В январе 1906 года еще двое представителей молодого просвещенного поколения, художники Морис Дени и Кер Ксавье Руссель, совершили паломничество в Экс. Сперва они отправились в Жа, к началу начал. Дени писал в своем дневнике: «В Жа-де-Буффане декоративный пруд, который так часто писал Сезанн, великолепная гостиная, мебель с позолотой, консоли, китайский фарфор, картина Веронезе, а на стене картины Сезанна, бурные, совсем юношеские, без особой глубины, Христос (по Наваррете) в черных, белых и красных тонах, жесткий безвоздушный Ланкре, портрет императора [Амперера], две головы, написанные с большой выразительностью. Я вспомнил об идеях Клода [Лантье] из „Творчества“ Золя»{940}.
Оттуда они отправились навестить художника на улицу Бульгон. Было воскресенье, и Сезанн слушал мессу в соборе Сен-Савер. Они подошли к собору как раз в тот момент, когда он выходил: в серо-зеленом пальто и запачканном краской пиджаке, точная копия Лантье, с грязными руками и непокрытой головой. Они представились. Дени был польщен тем, что Сезанн помнил, как писал ему (чтобы поблагодарить за картину «Посвящение Сезанну», пять лет назад представленную на выставке). Более того, он помнил, что Дени работал для журнала «Оксидан» («Я читал „Оксидан“!»), и даже его почтовый адрес. Руссель и Дени хотели подать нищему. «Satis! [Довольно!] – воскликнул Сезанн. – Это пьяница. Можно и выпить, но злоупотреблять не стоит». Получив свою недельную порцию Средневековья, Сезанн явно был расположен к беседе.
Да, Средние века. В соборах есть все. Мне тоже нравились Веронезе и Сурбаран, но семнадцатый век – это совершенство! Вы были в Жа-де-Буффане. Ничего особенного, но все же это живопись…
Я ищу свет – цилиндр, шар. Я хочу передать цветом белое и черное, выявить все наслоения ощущений.
Художник должен быть гордым, как Мато в «Саламбо» [Флобера], он – это все, остальные не идут ни в какое сравнение. У человека должна быть гордость, но ее нельзя слишком выпячивать, надо быть терпимым. Гоген был слишком гордым… Ренуар? Слишком чопорен.
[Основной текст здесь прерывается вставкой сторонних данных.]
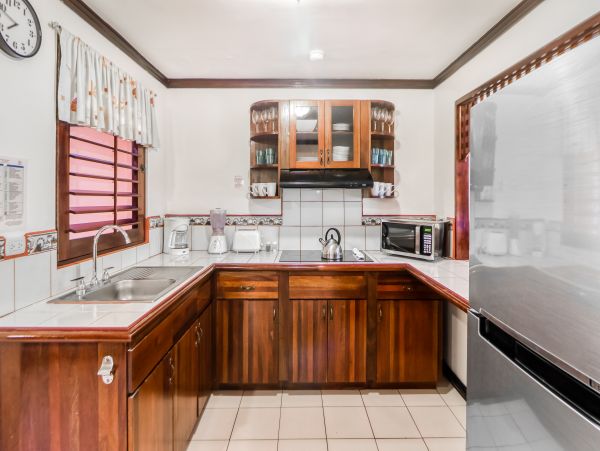 Jaco Home 1021143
Нужно найти свой метод. На моего отца вечно нападали, хотя он был хорошим человеком. Он говорил: нужно уметь играть. Вот чего я ищу в живописи…
Я – веха [
К их большой радости, он предложил встретиться после обеда,
Таким образом, у Дени и Русселя появилась уникальная возможность увидеть, как работает художник. Более того, они все зафиксировали. Дени прямо на месте сделал набросок, а позже написал с него картину (цв. ил. 78){942}. Руссель сфотографировал Сезанна у мольберта: получилось несколько динамичных кадров или, скорее, покадровая серия, уникальная в своем роде. Три снимка были впоследствии опубликованы. Они использованы в документальном фильме Жана Мари Штрауба и Даниэль Юйе «Поль Сезанн разговаривает с Жоашимом Гаске» (1989), который снимался по заказу музея Орсэ, но не был принят: заказчики сочли, что зритель этого не поймет{943}. На самом деле фотографий было по меньшей мере шесть. На одной из них Сезанн словно материализуется из стены на заднем плане – удачный эффект двойной экспозиции. Разбирает кисти, тянется за холстом, чтобы поставить его на мольберт, берет палитру, размышляет. Настал момент истины. На следующем снимке Сезанн запечатлен с палитрой в руке, он держит наготове кисть (аккуратно выровненную пальцами), вся его фигура напряжена, художник погружается в будущее произведение, сосредоточенно глядя на мир, и вот-вот тронет кистью холст, который словно подается ему навстречу, чтобы начать общение{944}.